Prior to the season, Oregon purchased permanent and total disability insurance as well as loss of value insurance for Herbert, according to a school spokesman, and while it's unclear how NFL scouts' opinions on him have evolved over the year, Cristobal is adamant his development has been significant.

"Just complete command of the offense in every phase," Cristobal said, "Not only throwing accurate passes and being able to flop and flip protections when he knows that he's short-sided on one side or the other, and get us in advantage runs when he knows we could get ourselves an opportunity to have a big play on the ground as well.

"He's like having a coordinator on the field is what he is. And he's just unfazed."

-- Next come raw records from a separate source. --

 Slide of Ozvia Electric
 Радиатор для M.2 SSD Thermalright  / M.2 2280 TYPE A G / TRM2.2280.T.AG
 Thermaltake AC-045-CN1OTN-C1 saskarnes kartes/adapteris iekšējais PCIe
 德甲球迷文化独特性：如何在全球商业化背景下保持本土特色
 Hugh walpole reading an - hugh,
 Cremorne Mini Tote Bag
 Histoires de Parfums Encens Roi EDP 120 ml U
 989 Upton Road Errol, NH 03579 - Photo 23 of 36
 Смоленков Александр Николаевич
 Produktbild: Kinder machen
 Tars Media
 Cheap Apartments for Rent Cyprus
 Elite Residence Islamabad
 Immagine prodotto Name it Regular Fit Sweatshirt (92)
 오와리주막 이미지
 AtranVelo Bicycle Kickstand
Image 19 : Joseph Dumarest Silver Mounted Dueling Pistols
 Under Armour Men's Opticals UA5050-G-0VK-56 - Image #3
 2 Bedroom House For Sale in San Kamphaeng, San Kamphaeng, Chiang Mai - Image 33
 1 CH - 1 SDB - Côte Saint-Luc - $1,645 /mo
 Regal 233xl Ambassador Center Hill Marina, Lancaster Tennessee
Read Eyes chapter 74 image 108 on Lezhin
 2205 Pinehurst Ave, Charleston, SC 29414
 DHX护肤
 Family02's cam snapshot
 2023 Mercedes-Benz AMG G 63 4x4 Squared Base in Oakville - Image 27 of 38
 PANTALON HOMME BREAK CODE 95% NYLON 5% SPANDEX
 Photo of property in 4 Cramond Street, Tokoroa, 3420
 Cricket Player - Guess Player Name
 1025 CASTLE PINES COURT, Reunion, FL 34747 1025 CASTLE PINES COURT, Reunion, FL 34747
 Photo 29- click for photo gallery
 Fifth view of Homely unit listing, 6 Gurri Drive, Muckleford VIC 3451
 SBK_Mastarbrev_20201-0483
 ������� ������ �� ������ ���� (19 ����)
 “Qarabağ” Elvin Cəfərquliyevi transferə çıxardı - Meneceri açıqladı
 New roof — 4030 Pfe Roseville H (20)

Herbert will be up against a Wisconsin defense that ranks No. 8 in FBS in defensive efficiency -- the fourth top-10 defense he'll have faced this season. In the three previous games (against Auburn, Washington and Utah), Herbert completed 65% of his passes with six touchdowns and no interceptions. His 10,403 career passing yards and 95 passing touchdowns trail only former Heisman Trophy winner Marcus Mariota in program history.

Mariota led the Ducks to their previous Rose Bowl victory -- in the 2014 season, when it doubled as a College Football Playoff semifinal -- and Herbert called him a "great mentor, great friend," earlier this week. Herbert has a chance to join Mariota and Darron Thomas (2011 season) and become the third Oregon quarterback in the past 100 years to win a Rose Bowl.

"This is everything that I ever hoped for," Herbert said. "This is the experience that we wanted when a lot of us decided to come back, and this is the potential that I knew our team had. It's just been so much fun, and it's been such a great year, and it's exactly the reason why I came back."